I just can't believe the luck with the weather. Two of my friends here at school have already gotten burnt, I hope to be the third. Need some color in me! I'll keep this short and sweet.

*To comment on the last post, I'm sorry about my anger, I just worry about people's lives and yah... it's who I am... can't help it.

I went home with Ali last weekend. Good ole Burlington Wisconsin. It wasn't too bad. We went to visit my friend Josh and Milwaukee and we went to a party and we all know what college parties are. And dont' think for a moment that I drank, wouldn't that just make me the worst hyppocrite ever?
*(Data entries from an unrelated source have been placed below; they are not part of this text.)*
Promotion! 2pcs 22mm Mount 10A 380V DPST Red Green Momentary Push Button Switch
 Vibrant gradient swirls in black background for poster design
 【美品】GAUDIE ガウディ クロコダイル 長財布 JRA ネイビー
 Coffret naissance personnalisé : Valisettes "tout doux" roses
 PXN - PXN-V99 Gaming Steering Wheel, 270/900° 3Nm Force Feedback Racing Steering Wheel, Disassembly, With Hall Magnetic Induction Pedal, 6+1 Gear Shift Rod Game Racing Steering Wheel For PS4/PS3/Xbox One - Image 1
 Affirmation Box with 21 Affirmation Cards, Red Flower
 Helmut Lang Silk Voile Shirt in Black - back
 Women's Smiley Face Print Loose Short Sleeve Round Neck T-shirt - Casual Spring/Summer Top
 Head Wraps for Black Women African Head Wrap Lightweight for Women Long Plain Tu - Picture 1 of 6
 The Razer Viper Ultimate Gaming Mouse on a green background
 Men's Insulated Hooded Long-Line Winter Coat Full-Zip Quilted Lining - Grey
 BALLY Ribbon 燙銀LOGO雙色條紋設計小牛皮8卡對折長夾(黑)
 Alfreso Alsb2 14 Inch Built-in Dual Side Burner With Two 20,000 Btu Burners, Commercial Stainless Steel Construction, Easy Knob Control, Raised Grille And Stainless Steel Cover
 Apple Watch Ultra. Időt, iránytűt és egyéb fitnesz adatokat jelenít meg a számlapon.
Being there wasn't soo bad, met some people, laughed, etc. I do know that I can't wait for Bethel. Let's just Bethel will have me. The next day we went around Lake Geneva, where she works on boats in the summertime, and she showed me around. There are magnificent houses off the water and they were just breathtaking. I enjoyed myself that day. We spent the rest of the time sitting in Starbucks reading. It was nice to actually do some homework. Plus I really liked my book, My Year of Meats. Everyone should read it. Ruth Ozeki is who wrote it. Hope you all look into it. Then we watched a movie and on Sunday we came back. I've been kind of stressed lately with this 10 page paper looming over me, and I've been writing it for about a week and I FINALLY FINISHED last night. I then corrected it, rearranged it, and took it to our school's Writing Center where they help you with some stuff your having problems on. Thank goodness I went, seriously. I could have been considered a plagarist!!! I didn't mean to, I just cited my paraphrases wrong. That would have been very detramental to my academics! I really wasn't trying to. At any rate, it made me feel really crappy, that I could be so careless. I just hope I fixed it all. My reading for the paper is Thursday, and I'm extremely nervous. Wish me luck!

I've been missing home and friends a lot this week. It's been right around a month since I've seen them and my heart hurts. I'm really glad for some of the friends I've made as WSU but nothing beats my friends that I have so much in common with. And then of course it is springtime, and we all know what that means. LoVe Is In ThE aIr and I just can't help but want it as well. You just see it everywhere yah know? I want to hold hands, I want to look into someone's eyes and see their love for me. I want to just goof around and tackle someone, I want to lay around in the warm spring breeze and get tickled. Oh well...it's just not my time. =) Don't worry, I accept it.

I'm in love with a song, "The Fear You Won't Fall" by Joshua Radin. Mmmm, got it off an epsiode of Grey's Anatomy.

Ok, my life beckons me to hit reality, homework calls! I hope I see you all this coming weekend because that would be the most wonderous thing ever.